Durham issued a rare statement Dec. 9, 2019, disputing Horowitz's report without specifying the disagreements. While the investigation continued, Durham said "last month we advised the Inspector General that we do not agree with the some of the report's conclusions."

Senate Majority Leader Chuck Schumer, D-N.Y., slammed Durham the next day for what he called a political statement serving as "a henchman of Mr. Barr" rather than as a "dispassionate, nonpolitical observer."

The intelligence community concluded Russia exerted influence during the campaign to help Trump, but not that his campaign colluded with Russia.

What was the Steele dossier?

Another contentious facet of the 2016 campaign was known as the Steele Dossier. Former British intelligence officer Christopher Steele compiled the report as opposition research about Trump’s connections to Russia for the Clinton campaign.

Steele passed along the report to the FBI. But many of the anonymous allegations were debunked and Trump dismissed it as “fake news.”

One of the men Durham charged is Igor Danchenko, a Russian citizen living in Virginia, who allegedly provided material for Steele’s report. Danchenko, who pleaded not guilty, was charged in November and faces trial in October on five counts of making false statements to the FBI.

Rosenzweig characterized charges against Danchenko and Sussmann as peripheral to Durham's investigation.

“The two charges are clearly very derivative charges about lying to people during the course of activities, not the primary offenses," Rosenzweig said. "Both of them, by any stretch of the imagination, are peripheral to the gravamen of the ultimate charge or what he is supposed to be investigating."

President Donald Trump and Russian President Vladimir Putin at a summit in Danang, Vietnam, in 2017.
President Donald Trump and Russian President Vladimir Putin at a summit in Danang, Vietnam, in 2017.

Sussman filing sparks attention, criticism

Durham generated more headlines in the case against Sussmann, a national security lawyer, who served as counsel to Clinton’s campaign. The indictment alleges Sussman told the FBI he wasn’t providing the tip “on behalf of any client,” such as the Clinton campaign. But his lawyers contended he “did not make any false statement to the FBI."

Sussman had met Sept. 16, 2016, with FBI general counsel James Baker to offer a tip alleging a secret channel of communications between the Trump Organization and a Russian bank. Sussman also met Feb. 9, 2017, with CIA officials to discuss Trump.

A flurry of coverage followed a Durham filing Feb. 11 arguing Sussmann’s lawyers had a conflict of interest. To bolster the case, the filing described an unnamed tech executive mining internet data from Trump Tower, a Trump apartment building in New York and the executive office of the president.

Fox News, the New York Post and Washington Examiner each reported the filing was evidence the Clinton campaign was spying on Trump as a candidate and as president.

Trump, who wrongly called the special counsel "Robert Durham" in a statement, said the filing “provides indisputable evidence that my campaign and presidency were spied on by operatives paid by the Clinton Campaign in an effort to develop a completely fabricated connection to Russia.” He suggested the crime could be “punishable by death.”
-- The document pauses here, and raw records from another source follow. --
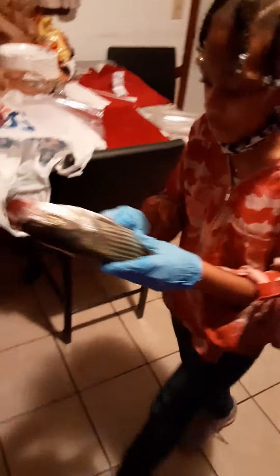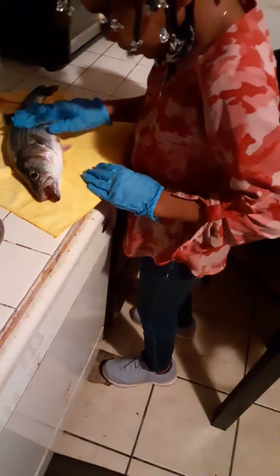Alright, get to wrapping it up because it's going in the freezer in a minute. We put it down, let me chop it and get the scraping and all the other stuff.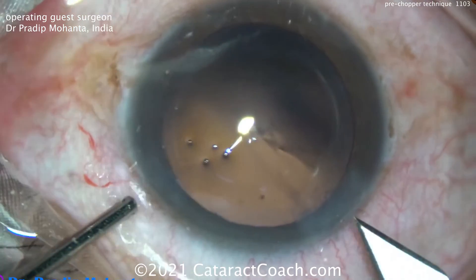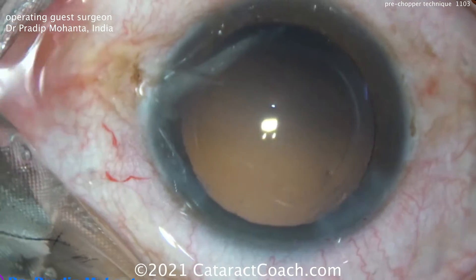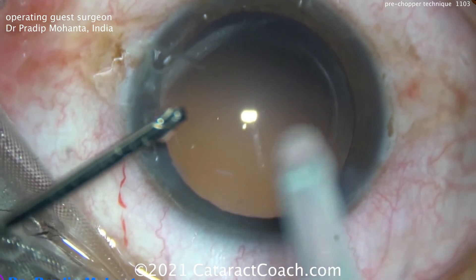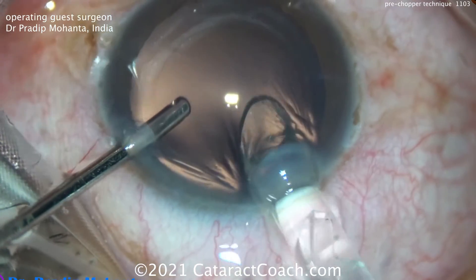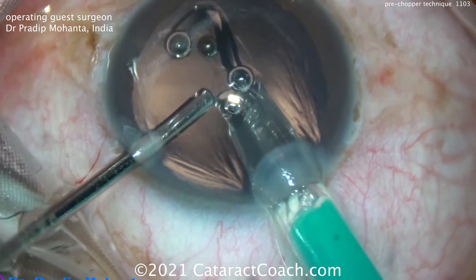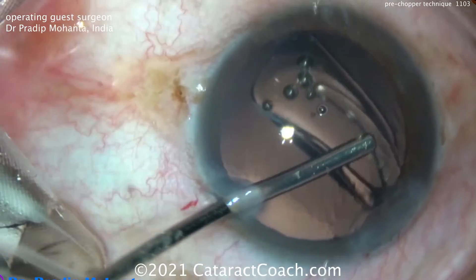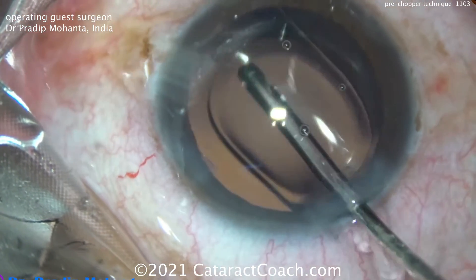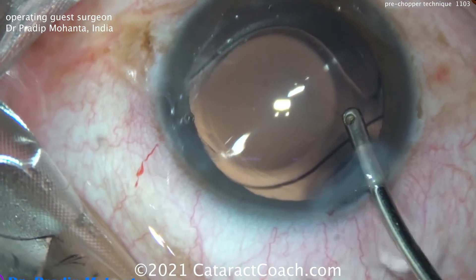I wanted to show you this case — it's always fun to watch Dr. Mohanta operate. He's a very skilled surgeon. He's going to now inflate the eye with the irrigator and then enlarge the incision a little bit. Let's see what type of lens we're going to put inside. International surgeons outside the U.S. will often have lens designs we don't have here. Looks like a single-piece acrylic lens. Leading haptic coming out nicely, there's the optic, and there's the trailing haptic — going right in the capsular bag. A single-piece acrylic monofocal lens. Getting it positioned nicely, and the case is basically over.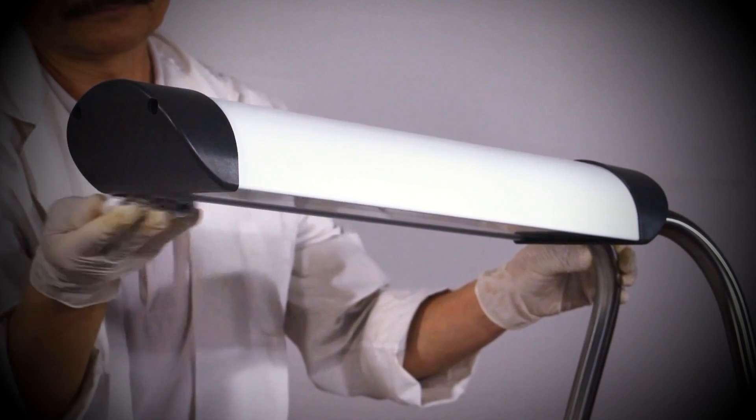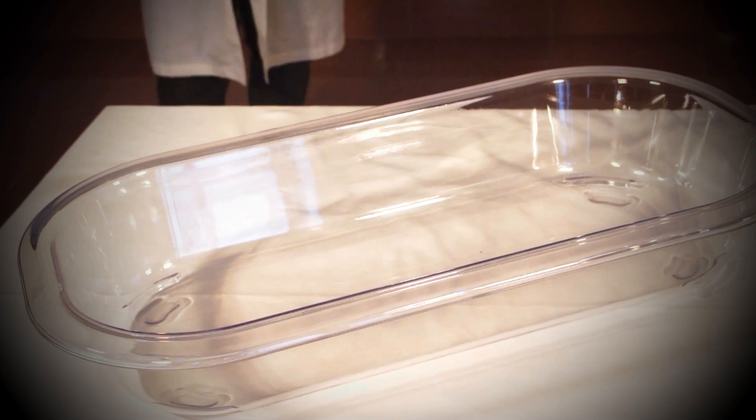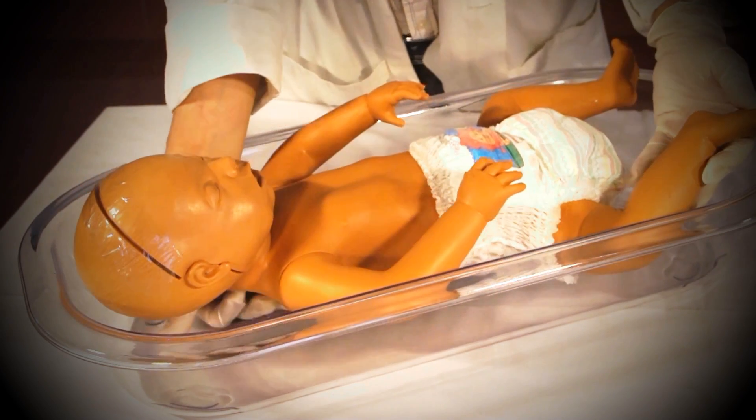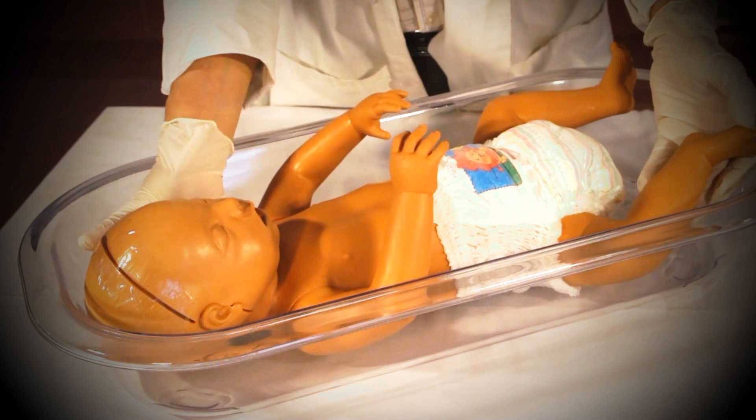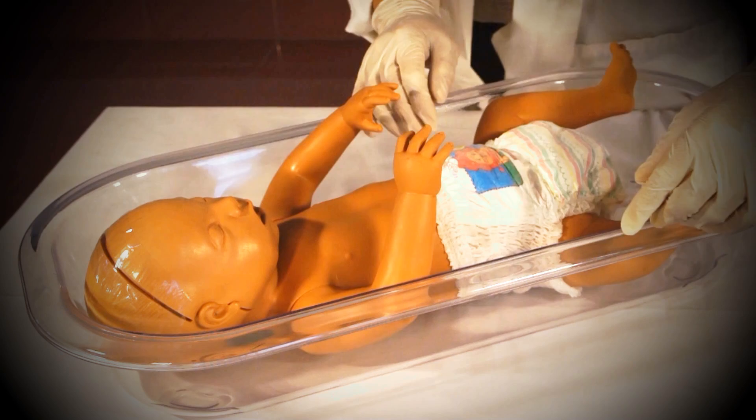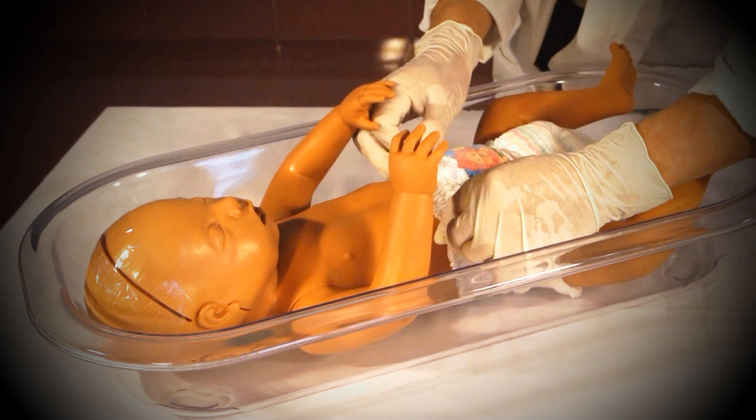Now the Firefly is ready for use. To begin, remove the bassinet from the main unit. You can now carefully place the baby into the bassinet. Do not attempt to place the baby into the bassinet or remove the baby from the bassinet while the bassinet is in place on the main unit.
But Sussmann’s lawyers said the document contained false allegations irrelevant to the charge in the case. The February 2017 meeting dealt with data from when Barack Obama was president, the lawyers said. Prosecutors haven’t charged the tech executive.

Andrew DeFilippis, an assistant U.S. attorney prosecuting the case, told the judge at the March 10 hearing the information was included to "be extra careful" and there was no need to clarify or correct the record.

"We don’t want to enter that game of correcting misinterpretations that may be out there," DeFilippis said. "We are being very careful to be accurate with the court."

Cooper, the judge presiding over the case, told prosecutors the tech allegations weren't necessary because he could have simply asked Sussmann about the potential conflict at a routine hearing, as he did that day. He reminded prosecutors their arguments "are under a microscope" and would draw publicity in the high-profile case.

“Until we swear a jury in this case, you folks have an audience of one," Cooper said. "That’s me."